The initial results of the implementation of SDLT in the DP at IICS have been very encouraging.  IB results remain good (see below chart) and there are indicators of improved performance by students at the high-achieving end of the spectrum.  Teachers have embraced the concept with some teachers now introducing versions of SDLT into their own classrooms where appropriate. Conversations with students and teachers are no longer about “meeting course hour requirements” but about improving Approaches to Teaching and Learning and guiding students towards independent inquiry.

Based on the positive experience with Self-Directed Learning at the DP level, the approach has been incorporated into the MYP extended homeroom program where students now benefit from SDLT every Friday morning. This innovation has proven equally popular and effective with the younger students who appreciate the freedom of choice that comes with SDLT.

The success of our SDLT journey depends on our willingness to learn from our experiences by reflecting on the challenges we have faced.  During the past two years, our learning has resulted in:

•         An altered structure in the DP timetable which provides differentiated SDL time:  more for DP12 and less for DP11, as the university and DP Core Requirements for DP12 students are far greater.

•         Agreements on the role of supervisors in SDLT rooms focusing on guidance: supervisors gently nudge students in productive directions, and engage DP students in informal conversations about learning.

•         An improved physical space, especially in the collaborative SDLT room, to create a differentiated environment from a typical classroom and ideally improve motivation

•         The development of inquiry-based units of work to be delivered solely through SDL time with clear objectives and assessment criteria.

•         The implementation of student contracts to track student progress and clarify expectations

Interestingly, many teachers who were initially resistant to the introduction of Self-Directed Learning Time are now its leading supporters, and are actively engaged in enhancing our program. After having worked together throughout the academic year as a Professional Learning Community, three of our teachers (Patricia Hermes, Jaima Holland and Chris Pultz) presented their ideas and experiences with SDLT at the InnovatED Un-conference which was part of the CEESA Annual Conference in Dubrovnik.
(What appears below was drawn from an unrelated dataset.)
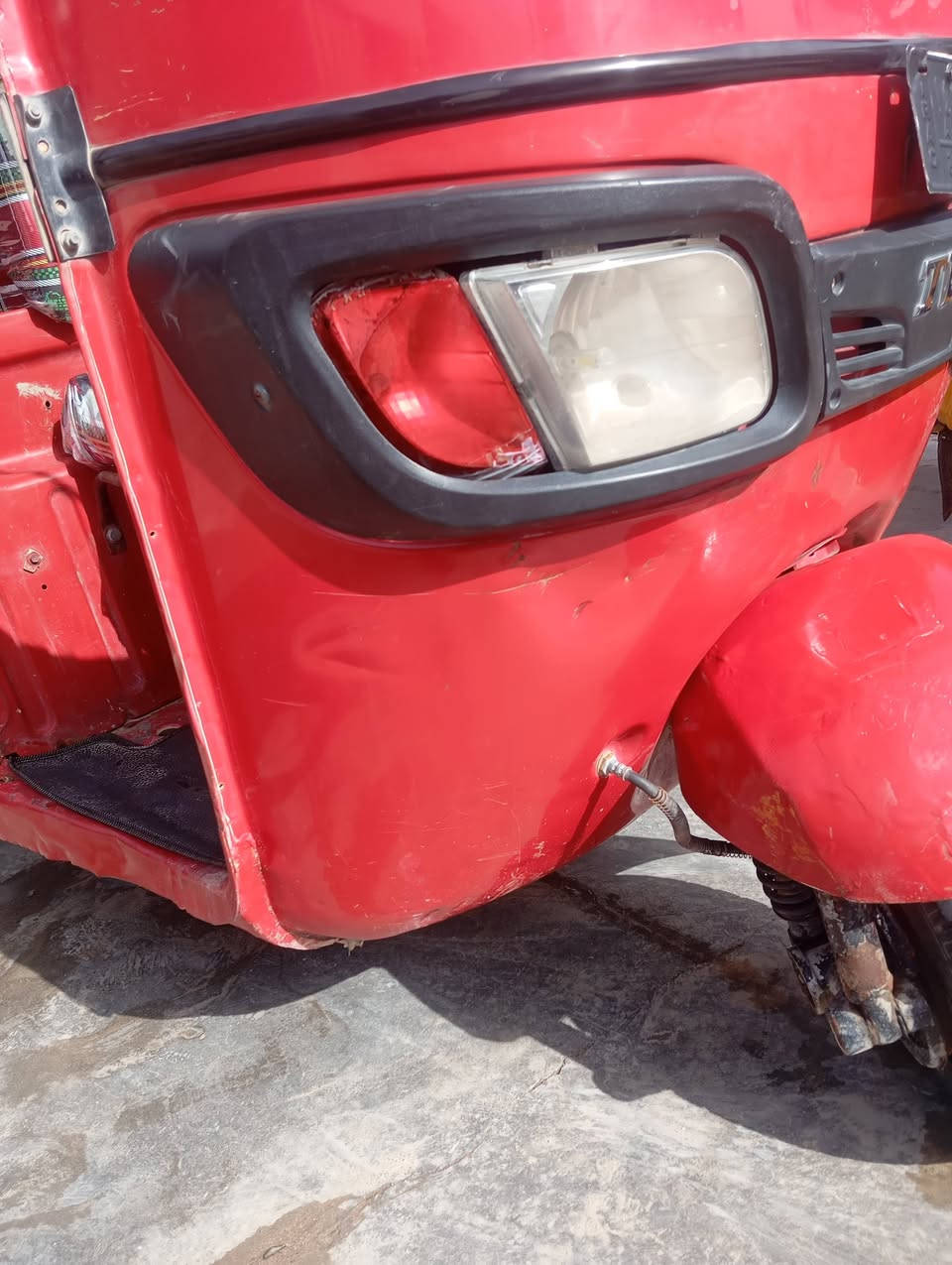 سلام عليكم تكتك للبيع 18اوراق تكتك جاهزه  كبل لشارع لا ضربه ولا صبغ مكينه تجفيت جديد كلجات جدد السعر 2600وبيهه مجال العنوان بغداد المحموديه الرقم***********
Based on the response to their presentation, it is clear that many CEESA schools are very interested in finding out how IICS is able to effectively deliver DP courses with less teacher-directed instruction.    The interest and accolades received from other schools wrestling with the same issues that SDLT is designed to ameliorate were very encouraging.
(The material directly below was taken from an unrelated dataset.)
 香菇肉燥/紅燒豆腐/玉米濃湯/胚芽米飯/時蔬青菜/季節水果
As the journey continues, IICS is committed to promoting a culture of continuous improvement. In regards to  Self-Directed Learning this includes determining:

•         The optimal and most appropriate balance between formal classroom instructional time  and self-directed learning time.
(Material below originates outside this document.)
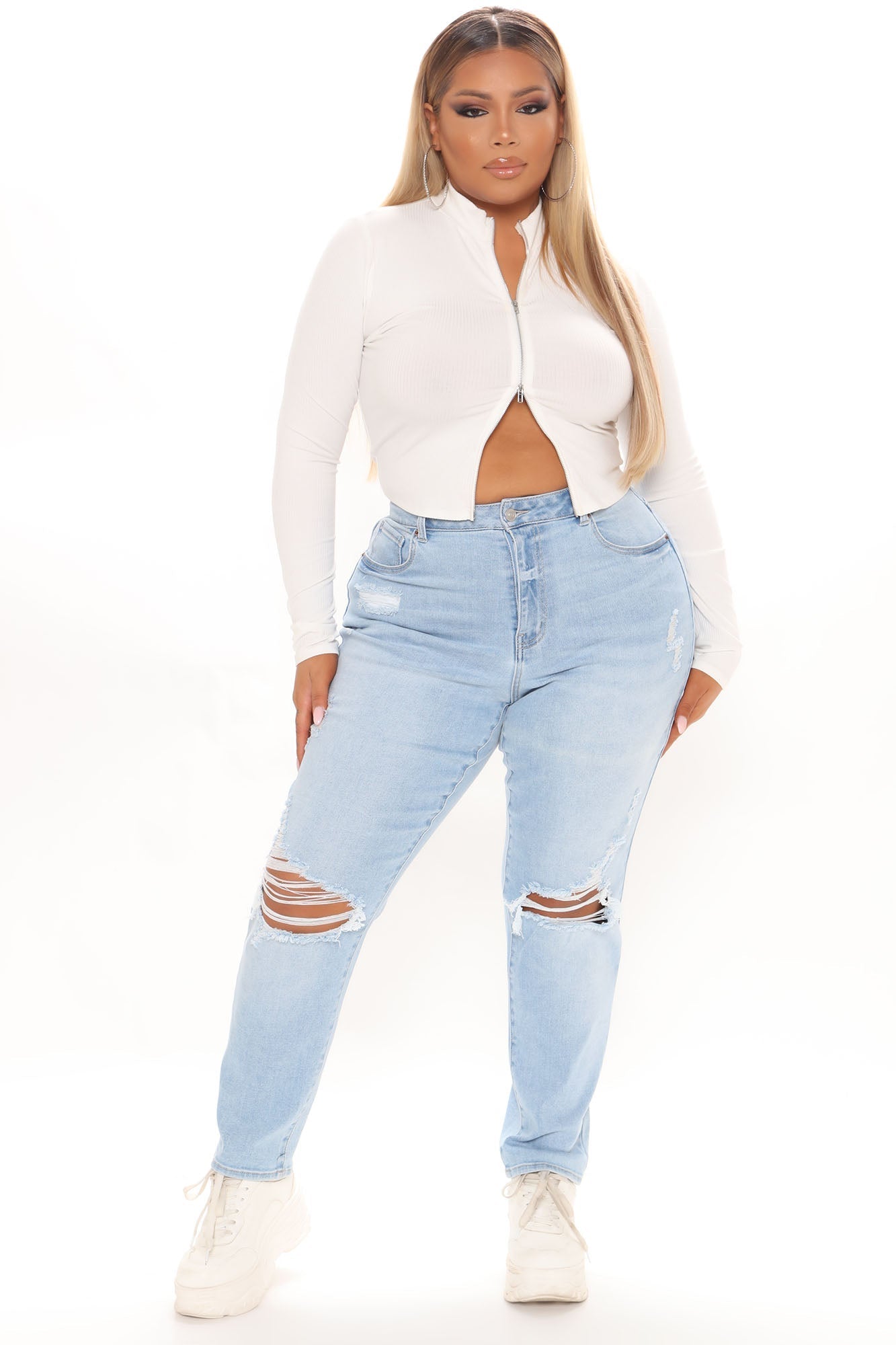 The Vibe High Rise Mom Jeans - Light Blue Wash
•         How to promote more effective collaboration during SDL time.

•         How to more effectively track student progress through a mentor system.

•         How to provide structure and supervision for school- supported, self-taught languages, particularly as the IB actively encourages students to study their native language.

•         How to actively promote goal setting and support the development of students’ Approaches to Learning.

As we move forward, our objective is to continue to create the systems necessary to allow for a more personalized learning experience for each member of the IICS learning community.